■ PROBLEM STATEMENT
Only the lines from the one containing "PEUGEOT 206 XR" through the last line of the data below belong in your answer, copied exactly and without pictures.

■ Extracted records

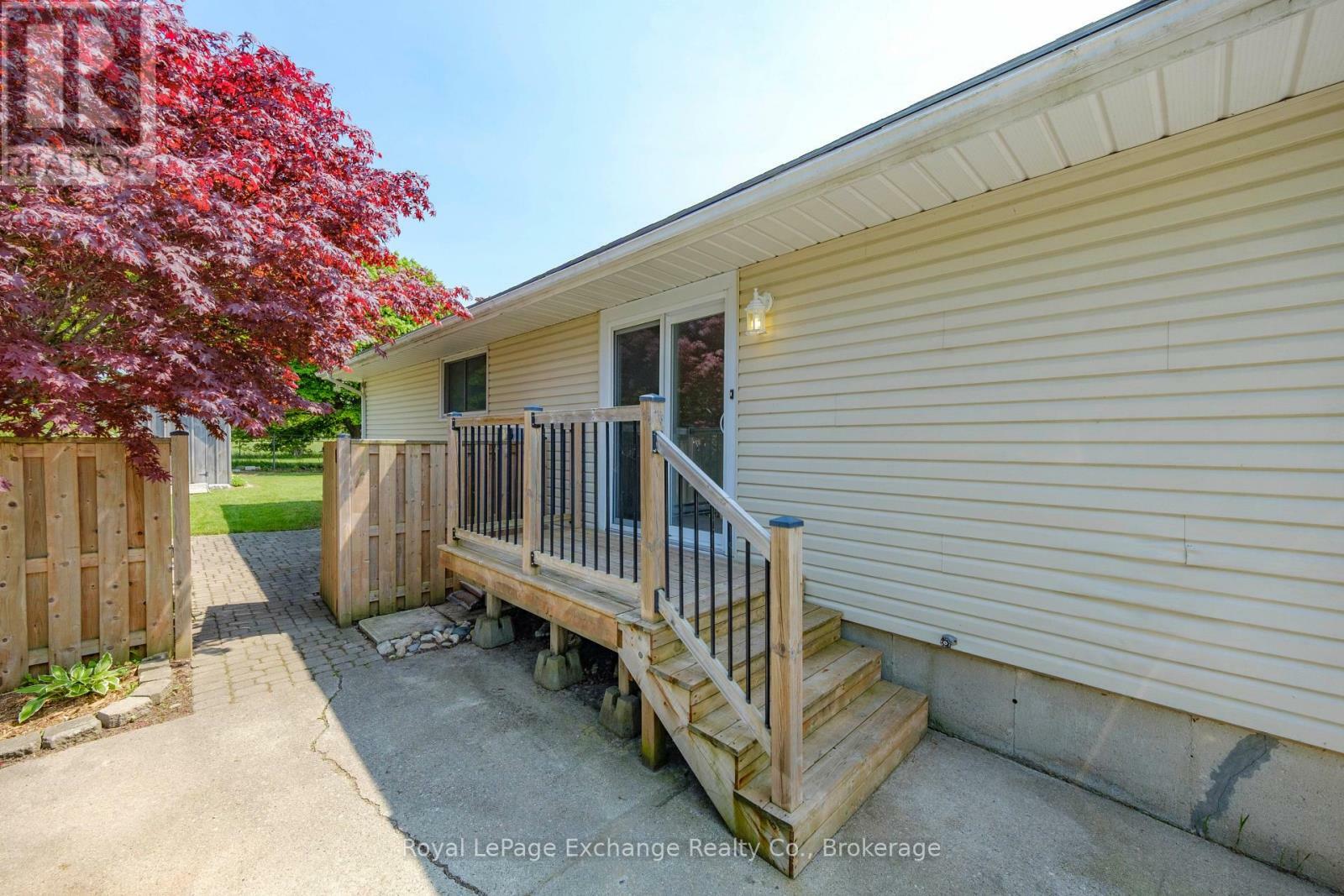Property Photo:  287 Queen Street  ON N2Z 2R6 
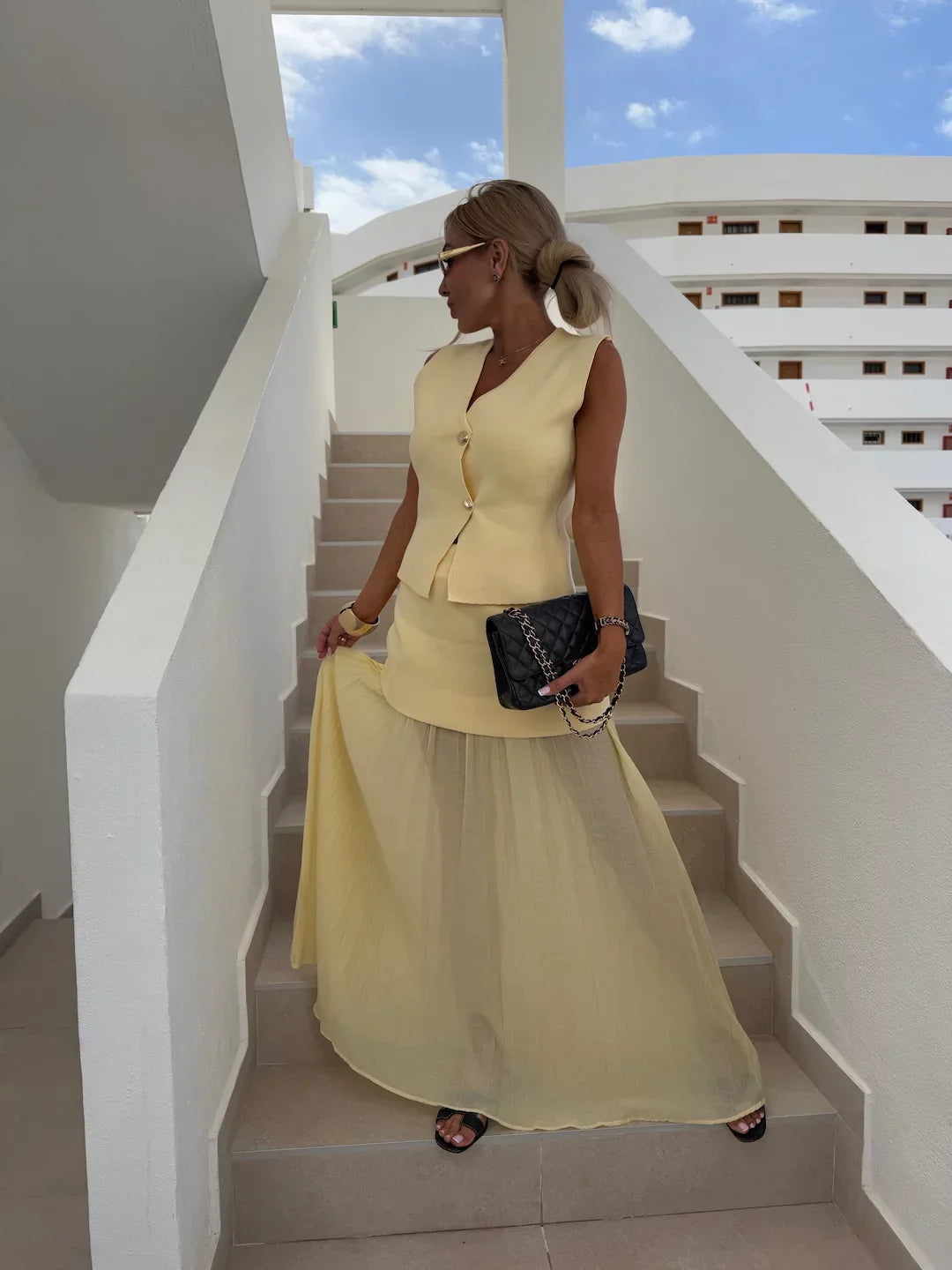 Clara – Elegantes Set mit Top und Rock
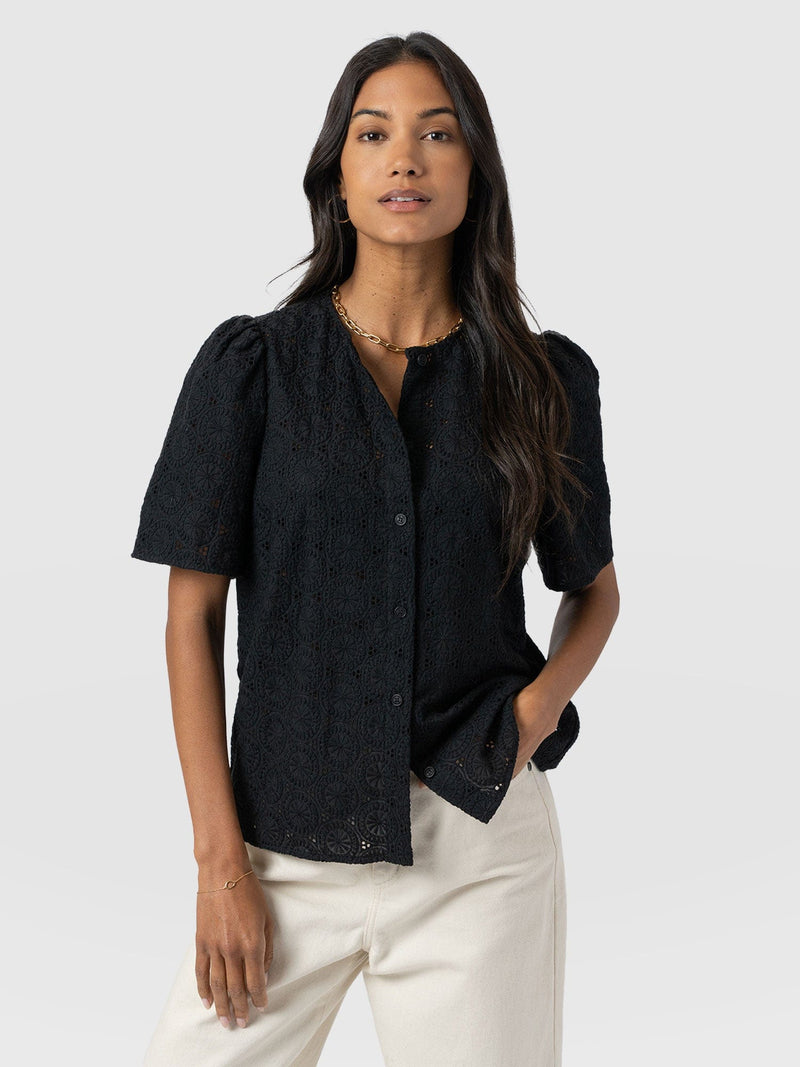 Tabitha Short Sleeve Blouse - Black - Women's Blouses | Saint + Sofia® EU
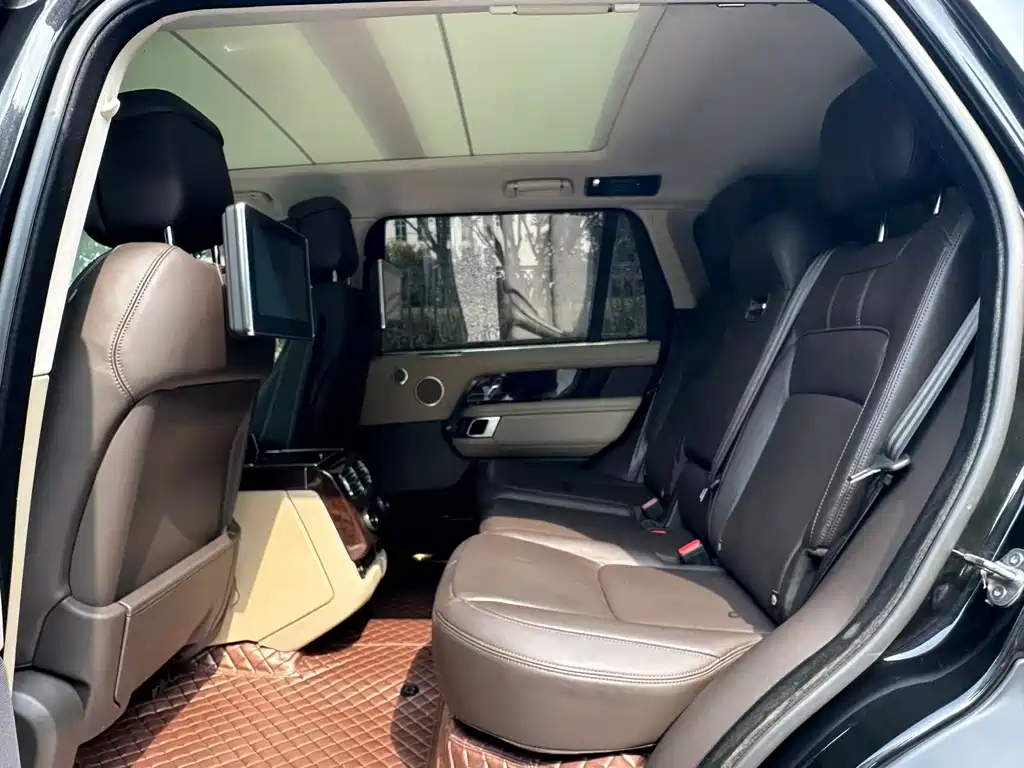 Land Rover Range Rover — миниатюра 17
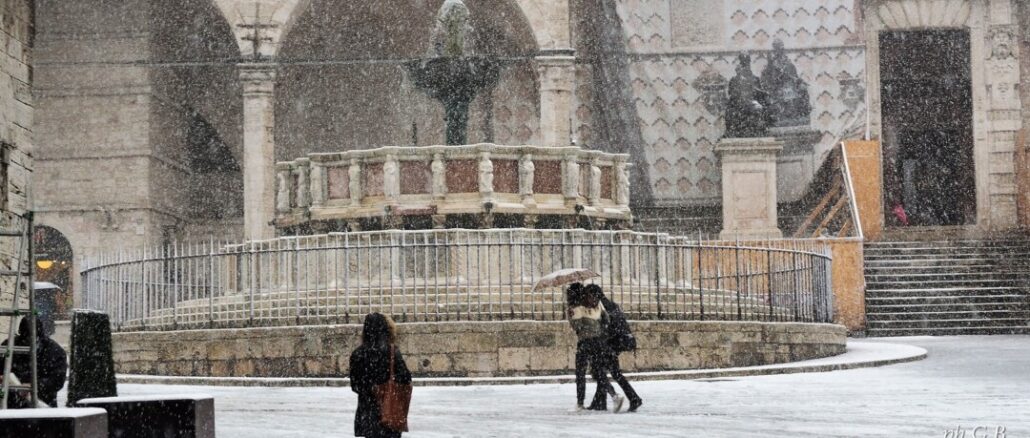 Nevica a Perugia, ecco i primi fiocchi di neve cadere nelle città umbre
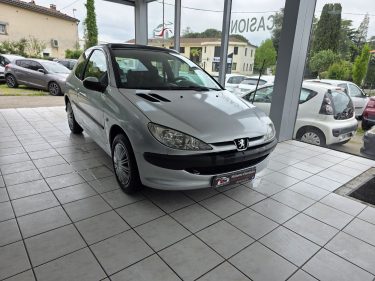 PEUGEOT 206 XR PRESENCE 1.1 60CH ANNEE 2004 179000KM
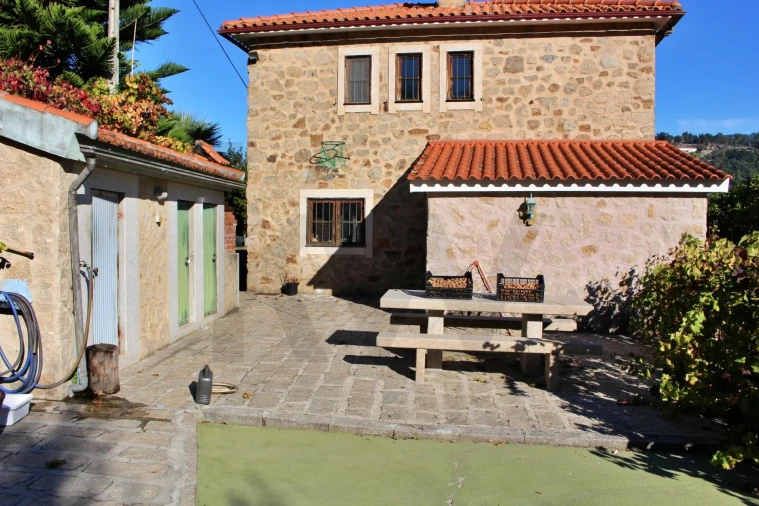 Quinta T2 para Venda em Cinfães Foto 18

■ RESULT BELOW
 PEUGEOT 206 XR PRESENCE 1.1 60CH ANNEE 2004 179000KM
 Quinta T2 para Venda em Cinfães Foto 18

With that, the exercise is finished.